We’re in the midst of the quietest government shutdown in American history. For 34 days, funding for the Department of Homeland Security has been blocked in a standoff over the Trump
administration’s deeply unpopular immigration enforcement, something the White House has finally realized is such a public opinion disaster that they’ve stopped calling it mass deportation. The biggest public-facing side of this shutdown is TSA workers, who have now worked without a paycheck for a month. But aside from frustration about longer airport security lines, there’s been little pressure on
Washington to end the impasse.
ICE and CBP agents are currently being paid, and could in theory go on for a lot longer without appropriations because of the $175 billion given to the agencies in the One Big Beautiful Bill Act. Given the positions of both sides, there’s certainly a world where neither of them is funded by additional appropriations for the duration of Trump’s term.

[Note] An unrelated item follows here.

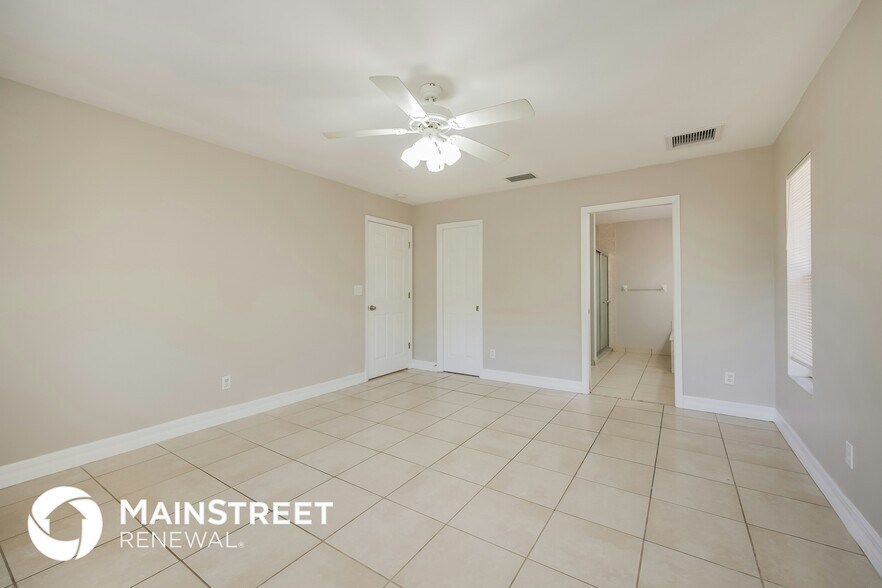 Building Photo - 448 Reading St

One way that Republicans could funnel money to other parts of DHS is by using the same technique as they did for ICE and CBP last year: use a reconciliation package to deliver funding to specific agencies outside of the appropriations process. But there’s a problem now, one created by Donald Trump’s boneheaded decision to bomb Iran. Because we are using up munitions at such a rapid
rate, there’s an expectation that the White House will come to Congress with a supplemental funding request to keep the war going. The war is deeply unpopular, and few Democrats have any interest in supporting it monetarily. So Republicans may have to use up that reconciliation bill to fund the war.
While the White House and Republicans are pretending to compromise, they’re rejecting anything that would narrow the matter to ICE and CBP, the specific agencies at issue. And there isn’t any deus ex machina on the horizon that would magically get funding restarted. The quietest shutdown is almost certainly going to become the longest one, too.